Having left the DCT, the last segment of the nephron, the filtrate now enters a collecting duct with a larger diameter. Several nephrons empty their filtrate into a collecting duct and begin the process of funneling the filtrate (and urine) toward the renal pelvis and ureter. As the filtrate moves down the collecting duct, the diameter slowly increases as the duct approaches a renal papilla of one of the pyramids. The ducts are now termed papillary ducts (also called ducts of Bellini) and leave the papilla and enter the space of a minor calyx via the area cribrosa of the papilla.

Is the collecting duct part of the nephron?

Although not a portion of a nephron, the collecting duct along with a nephron is considered the functional unit of the kidney and is called a uriniferous tubule.

Ureter

This muscular tube (3–4 mm in diameter) connects the kidney with the bladder. Much like in the alimentary canal, the smooth muscle of the ureter spasmodically contracts in peristaltic movements to propel urine toward and into the bladder. This is typically the location where one becomes aware of any kidney stones that are being passed through the urinary tract.
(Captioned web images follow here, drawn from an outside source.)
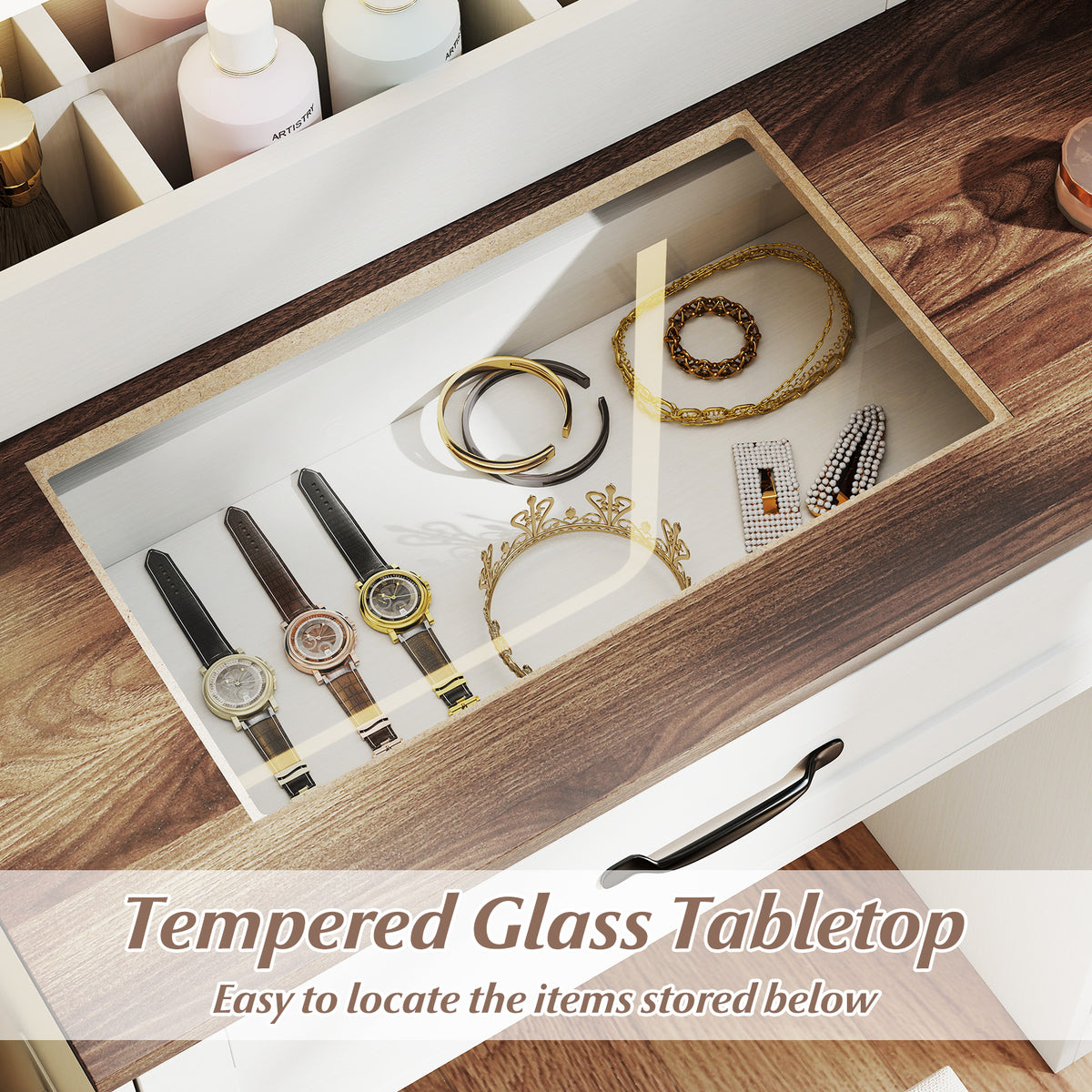 Vanity Desk with Lighted Mirror & Storage – White Farmhouse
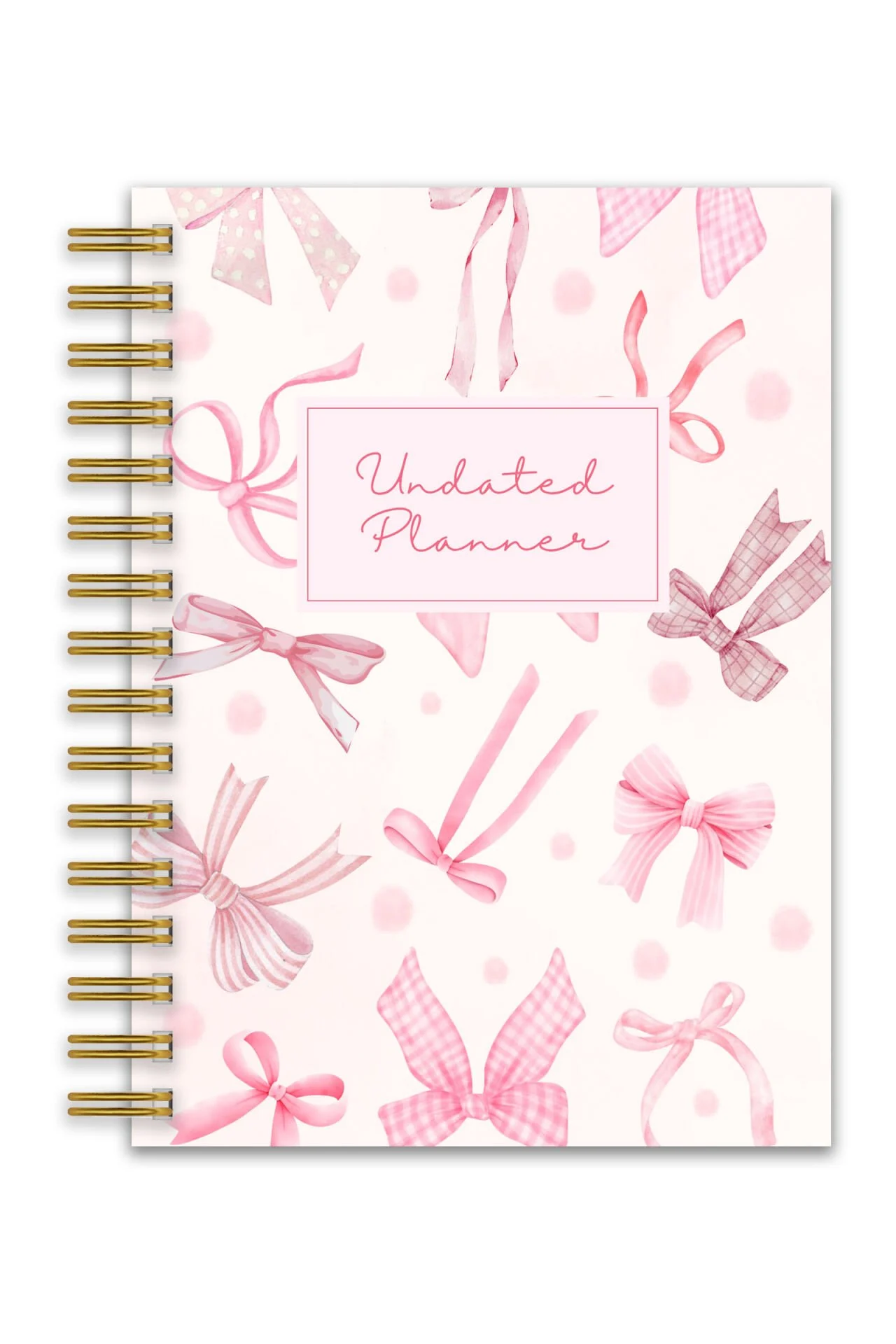 Sert Kapak A5 Spiralli Ajanda (Süresiz Planlayıcı Ajanda) Pembe Fiyonk main variant image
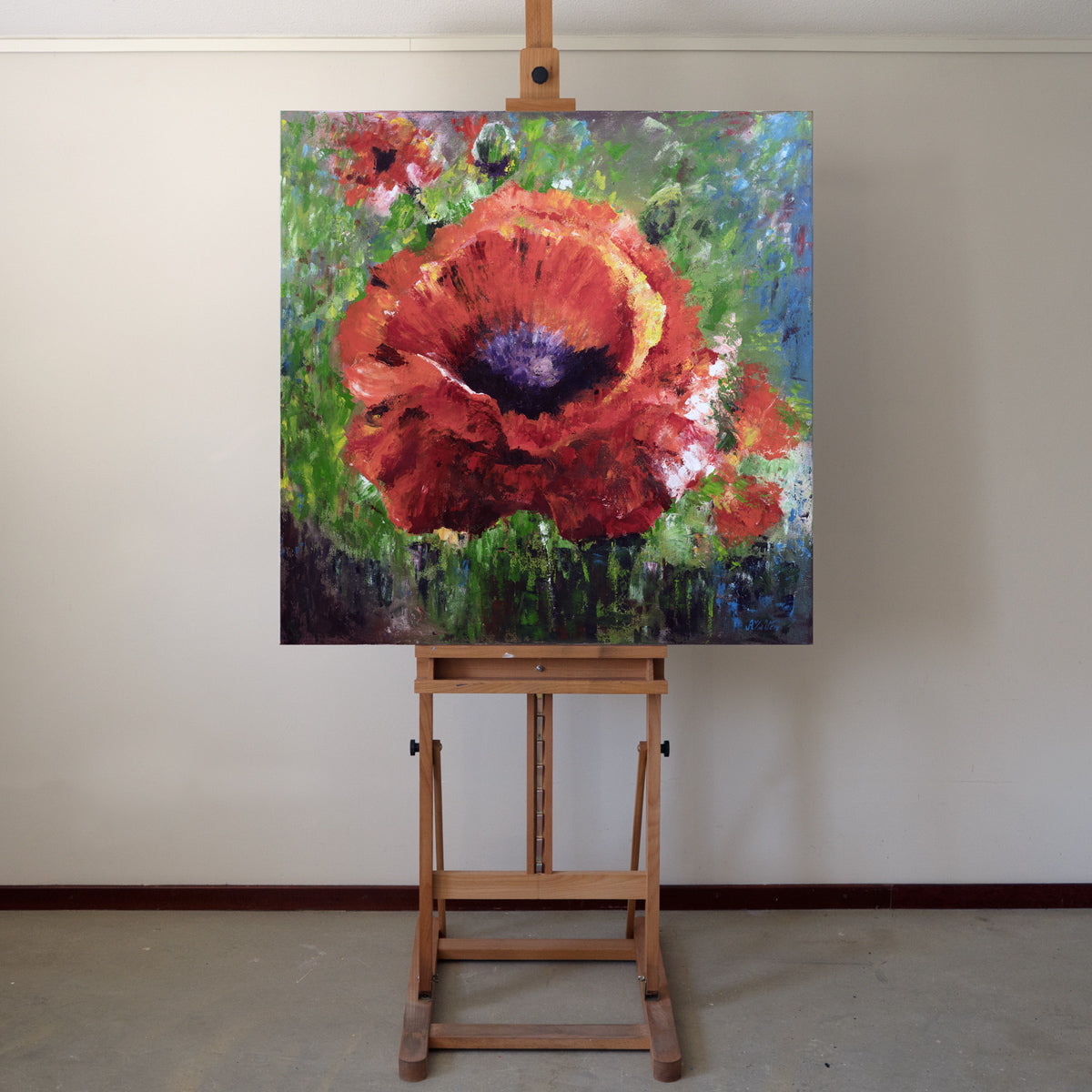 Mohnblumengemälde 100x100 cm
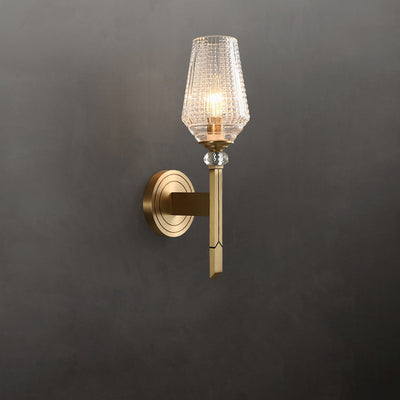Zeitgenössische nordische Zylinderbecherform Vollmessingrahmen Glasschirm 1-Licht Wandleuchte für Wohnzimmer 
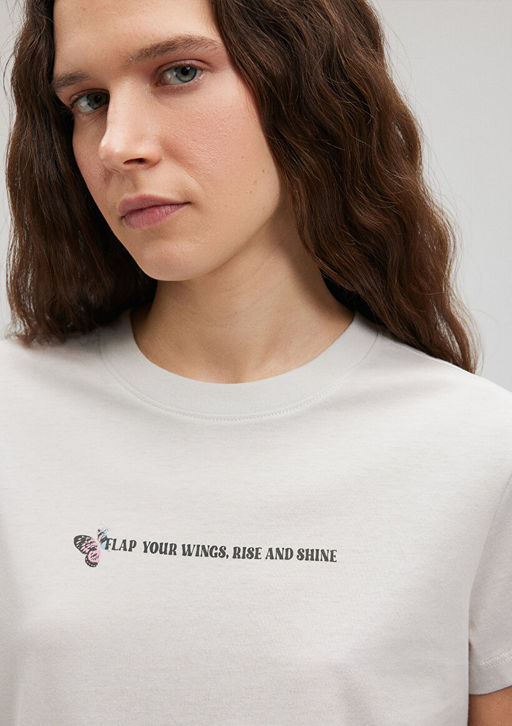 Kelebek Bask?l? Gri Tisort - Mavi фото 5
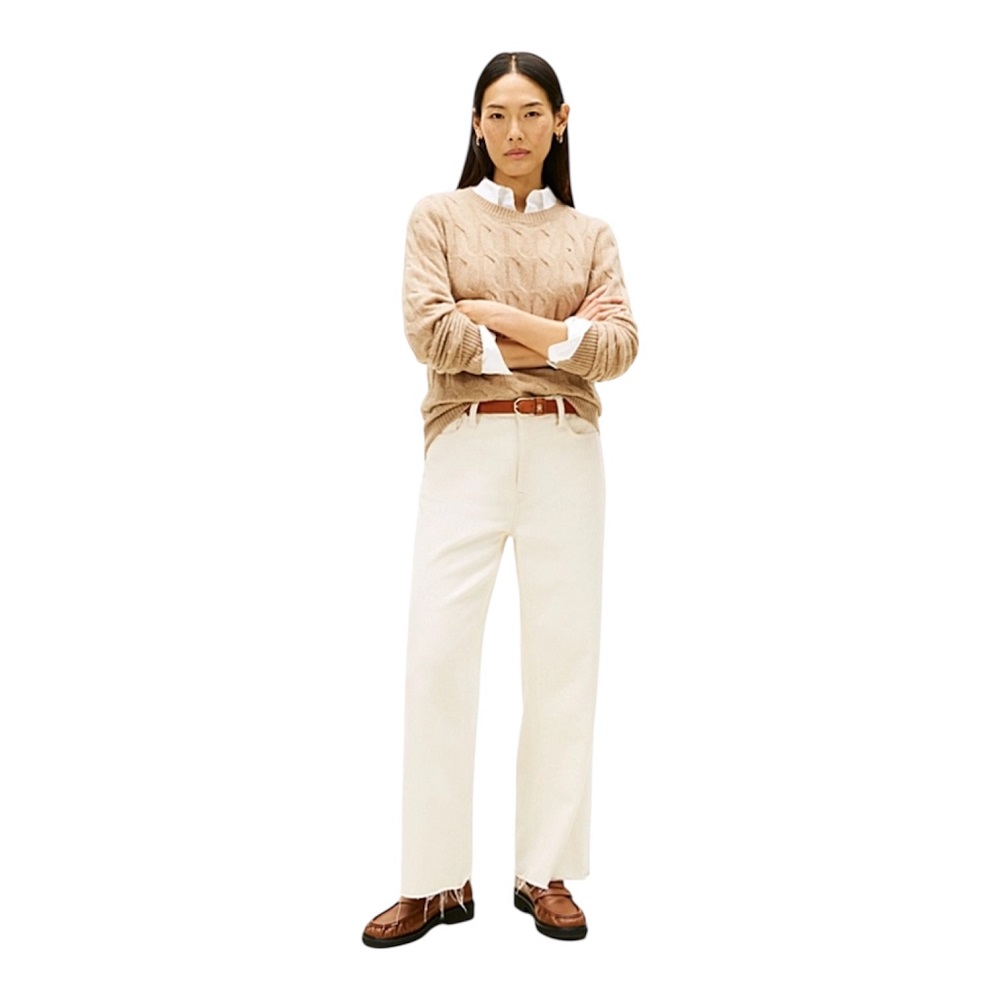 TOMMY HILFIGER</br>Tommy Hilfiger WW0WW43586-ADM Γυναικείο Πουλόβερ Μπεζ Soft Wool Cable C-nk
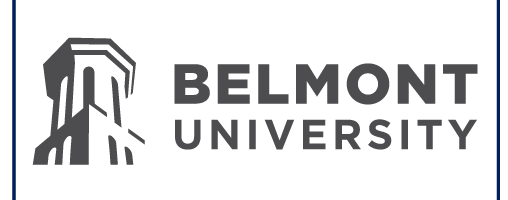 Belmont University primary logo horizontal, grey variant, cell 8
Although the lining of the ureter is transitional epithelium, which can stretch as the tract fills with urine, it cannot expand to the extent that most stones need to pass freely.

Bladder

The urinary bladder receives urine from each kidney via the ureters and can store approximately 500 ml to 1 L of urine. Lining the bladder is the same compliant transitional epithelium found in the ureter, as well as underlying layers of smooth muscle that collectively are referred to as the detrusor muscle. These layers are under autonomic nervous system control, and when stretched reflexively contract in order to urinate (micturition).

At the inferior apex of the bladder is the opening of the urethra, the tube that transfers urine from the bladder to the outside of the body. The internal urethral sphincter, which prevents urine from leaking into the urethra, is found here. As the urethra passes through the perineal muscle of the lower pelvis, the skeletal muscle creates the external urethral sphincter.

Urethra

Much shorter in females than in males, this conduit for urine has much less smooth muscle than the ureter, and shifts from transitional epithelium near the bladder to stratified squamous epithelium (similar to the skin) near the external urethral orifice (opening at the end of the urethra).